Attorney General Mike de Jong said he believes polygamy is against the law and should remain so, but he said the justice system needs clarity about whether Canada's law barring multiple marriages is constitutional.
Two Canadian laws stand in contradiction: Polygamy is banned, and religious freedoms are firmly protected.
The move comes a month after a judge quashed polygamy charges against two leaders of a polygamous community in western Canada. The judge ruled the province did not have the authority to appoint a special prosecutor to consider the cases of Winston Blackmore and James Oler after previous prosecutors recommended against charges.

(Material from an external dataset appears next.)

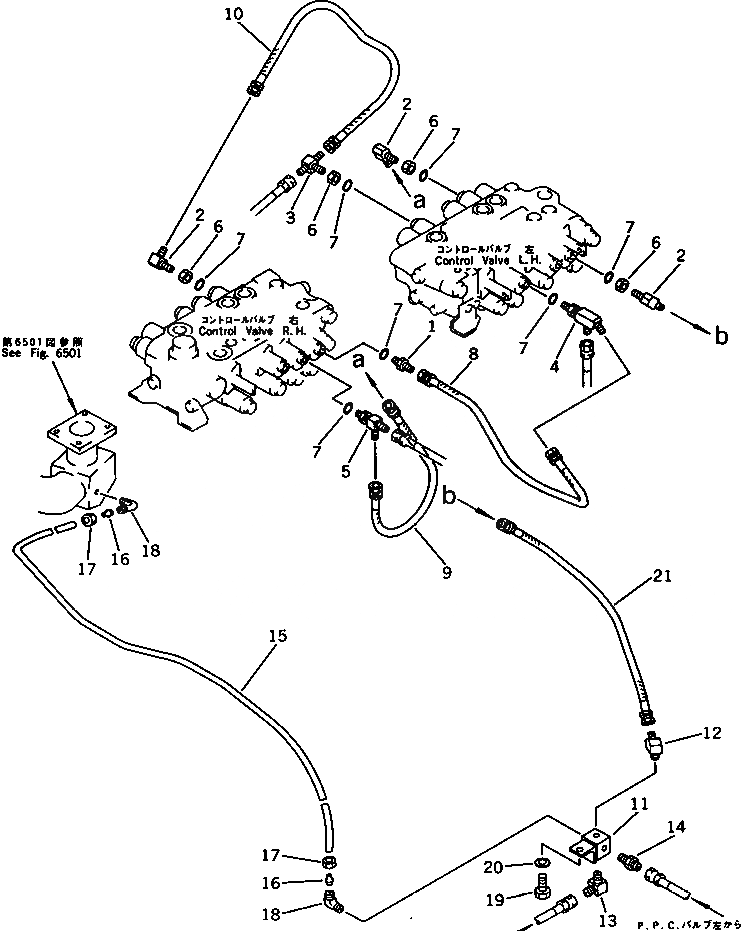 Схема запчастей Komatsu PC150-3 - ГИДРОЛИНИЯ (КЛАПАН - T БЛОК) (ДЛЯ WRIST УПРАВЛ-Е) ПОВОРОТН. И СИСТЕМА УПРАВЛЕНИЯ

The government has decided to seek the British Columbia Supreme Court opinion rather than appeal that court ruling. De Jong said the case may ultimately have to be decided by the Supreme Court of Canada.
The men maintain their polygamous practices are covered by Canada's protection of freedom of religion.
Blackmore was accused of having 19 wives and Oler, three.
Phone calls to Blackmore weren't answered, and there was no immediate response to an e-mail request for comment.
Blackmore, long known as "the Bishop of Bountiful," runs an independent sect of about 400 members in the town of Bountiful. He once ran the Canadian arm of the Utah-based Fundamentalist LDS Church, but was ejected in 2003 by that group's leader, Warren Jeffs.
Oler is the bishop of Bountiful's FLDS community loyal to Jeffs. Even though many of the town's residents are related or have same last name, followers of the two leaders are splintered and are not allowed to talk with each other.
FLDS members practice polygamy in arranged marriages, a tradition tied to the early theology of The Church of Jesus Christ of Latter-day Saints. The LDS Church renounced polygamy in 1890 as a condition of Utah's statehood.
The men had petitioned the court to drop the polygamy charges, arguing that the attorney general had gone "special prosecutor shopping" until he found someone who would go ahead with charges.
Blackmore said the whole issue was resolved in 1992 when another special prosecutor decided not to proceed with charges. The case would have been the first test of Canada's polygamy laws under Canada's constitution.